Шерубен Бейль не только проклял Руссо, он тщательнейшим образом запирал книжный шкаф. Мальчик подобрал ключи и, расставляя тома Вольтера так, чтобы незаметно было освободившееся пространство, убегал с книгой куда-нибудь подальше, в тень платанов, и запоем читал Вольтера, Руссо, энциклопедистов.
А у деда можно было открыто читать том за томом «Энциклопедию» и даже — с величайшим наслаждением — трактаты Гельвеция.
Там были запрещенные и сожженные рукой палача книги, но там же была и «Эротическая Фелиция, или мои Фредены» — книжка, повергшая мальчика в безумие эротической фантастики на целые месяцы. Но, как бы парализуя эти влияния, действовали другие впечатления: тихонько, с дедом, а иногда и один, мальчик входил в запущенные, вечно бывшие под замком комнаты любимой дочери доктора Ганьона — Аделаиды Бейль. Лютня, портреты итальянских поэтов, ноты простонародных итальянских песен, слабый аромат когда-то живых и резких духов пробуждали воспоминания неизгладимые, но потерявшие контур, и образ матери вставал, как пленительное видение, которое давало защиту от тяжелых, отвратительных явлений жизни.
Об этих впечатлениях никому не говорилось; они впервые были записаны после возвращения с холма Яникула в Риме. Солнце заходило за Монте Альбано, в воздухе была восхитительная теплота, а пятидесятилетний Бейль вместе с ощущением невероятной радости жизни почувствовал, что жизнь прожита. Это было написано уже в 1832 году…
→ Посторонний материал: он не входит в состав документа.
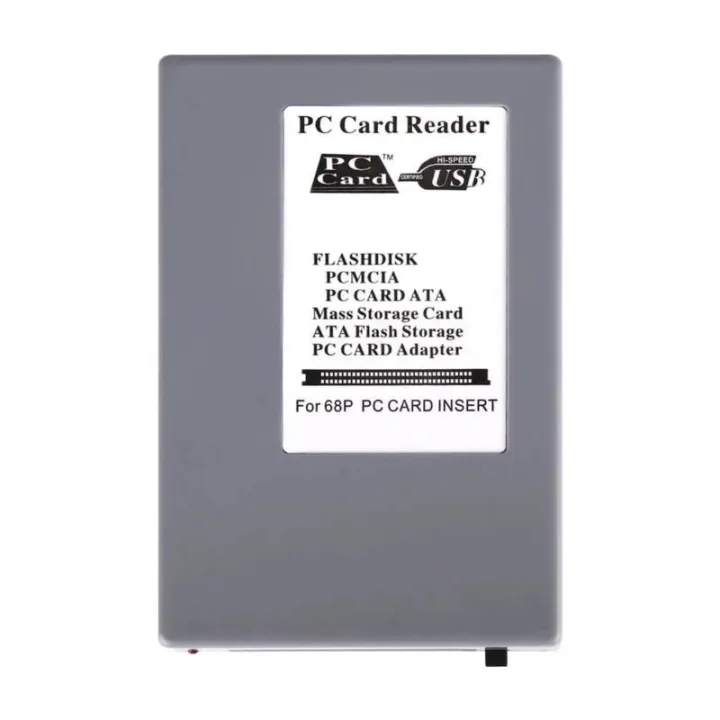 New%20USB%20to%20PCMCIA%20Card%20Reader%20USB%202.0%20PC%20Card%20Reader%20ATA%20Card%20Adapter%20Reader%20For%2068pins%20PC%20ATA%20Card%20-%20Image%202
Среди детских воспоминаний Бейля резко выделяются упоминания о преподавателях. В двух-трех строчках рассказывает он первое впечатление о театре, где он видел корнелевского «Сида», но подолгу и с негодованием останавливается на тех людях, которые совершали дикий и отвратительный эксперимент над душой ребенка.
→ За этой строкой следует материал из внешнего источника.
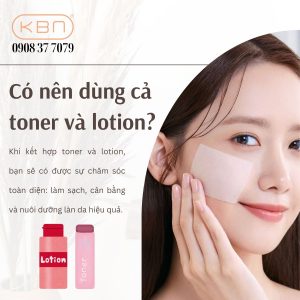 toner-va-lotion-cai-nao-dung-truoc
Ультраправый адвокат Шерубен-Жозеф Бейль, казалось, сорвался с цепи и, утеряв свою обычную лукавую расчетливость и практическое чутье, так яростно демонстрировал свою преданность королю и католической церкви, что друзья сочли необходимым предложить ему некоторую умеренность в высказывании взглядов, «ибо существует противоположная партия».
Новая французская конституция требовала от служителей церкви присяги. Священники восставали против «адова измышления». Они отказывались присягать и тайком уносили причастие; переодевшись, они ютились по частным домам и подвалам, приобщали графинь и старых маркиз, которые искали «священников, не оскверненных революционной присягой»; это длилось до тех пор, пока санкюлоты парижских революционных секций не выволакивали их из подвалов и не вешали на ближайшем фонаре. Такие неприсягавшие попы были обнаружены Бейлем, когда он по холодным и скользким лестницам, обитым железом, спустился в подвал собственного дома: он увидел, как грязные, засаленные люди с остатками пищи на небритых усах вылезали наверх, и услышал, как один из них сипло говорил любезности старой горничной г-на Шерубена. Этот священник — аббат Райян — волей отца сделался учителем маленького Анри Бейля, когда умер первый преподаватель латинского языка Жубер. Маленький худой человек с зеленоватым цветом лица и беспокойной ласковостью взгляда был воспитателем не только Анри Бейля, но и Казимира Перье, одного из реакционнейших министров при Луи-Филиппе. Этот период своей жизни Бейль называет временем райяновской тирании.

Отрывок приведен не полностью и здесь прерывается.